After Death
Three types of star remain after their death: white dwarfs, neutron
stars, and black holes. Each of these
has their own particular details and complications; and all are among
the most exotic places in the 
universe. Unfortunately, information about their lifespans is usually
theoretical at best. The universe is
still too young to have let any of these three bodies completely
exhaust itself.
White dwarfs are primarily interesting for their composition:
electron-degenerate matter, which is
particularly difficult to compress. As is, they are already immensely
dense; they contain the masses of stars
like the sun but the volume of planets like Earth. Because of this,
even nearby white dwarfs are strongly
redshifted (that is, they give off the appearance of moving further
away). They radiate almost no heat, and
it is thought that when this heat is lost they will become a body known
only as a black dwarf.
Neutron stars, meanwhile, are comprised of almost only of their
namesake: neutrons. They are immensely hot
and, like white dwarves, can no longer be compressed. They are
particularly unusual because of the speed of
their rotation, which is so powerful that radio waves are emitted
strongly at the poles of the star. For some
time it was thought that these radio sources, so regular in their work,
might actually be strangely artificial in
nature.
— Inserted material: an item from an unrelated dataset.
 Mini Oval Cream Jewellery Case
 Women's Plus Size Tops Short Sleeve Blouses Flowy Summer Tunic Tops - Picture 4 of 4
It is now known that neutron stars pointed straight at us,
called pulsars, are of course completely
natural. The fate of neutron stars is also unknown, and not much
theorized upon.
Finally, black holes. These are perhaps the most terrifying objects in
existence, who have become so
massive that light itself cannot escape their gravity. For this reason
they are almost impossible to study,
but the following is most probable. At the core of every black hole is
a singularity, a location where the laws
of physics themselves change. Meanwhile, at the edges, a slow process
might occur to account for information
lost to black holes.
Quantum mechanics suggests that virtual particles are created and
destroyed constantly. Because of black
holes's unusual structures, these false particles may become propelled
into becoming real particle-antiparticle
pairs; one of which is swallowed again by the black hole (effectively
destroying it), the other drifting back out
into the galaxy, replacing the information lost by a real particle
previously swallowed. This process is
signficantly noteworthy in that it provides a mechanism for black hole
death: Each particle released shrinks the
black hole, and eventually it is reduced to nothing.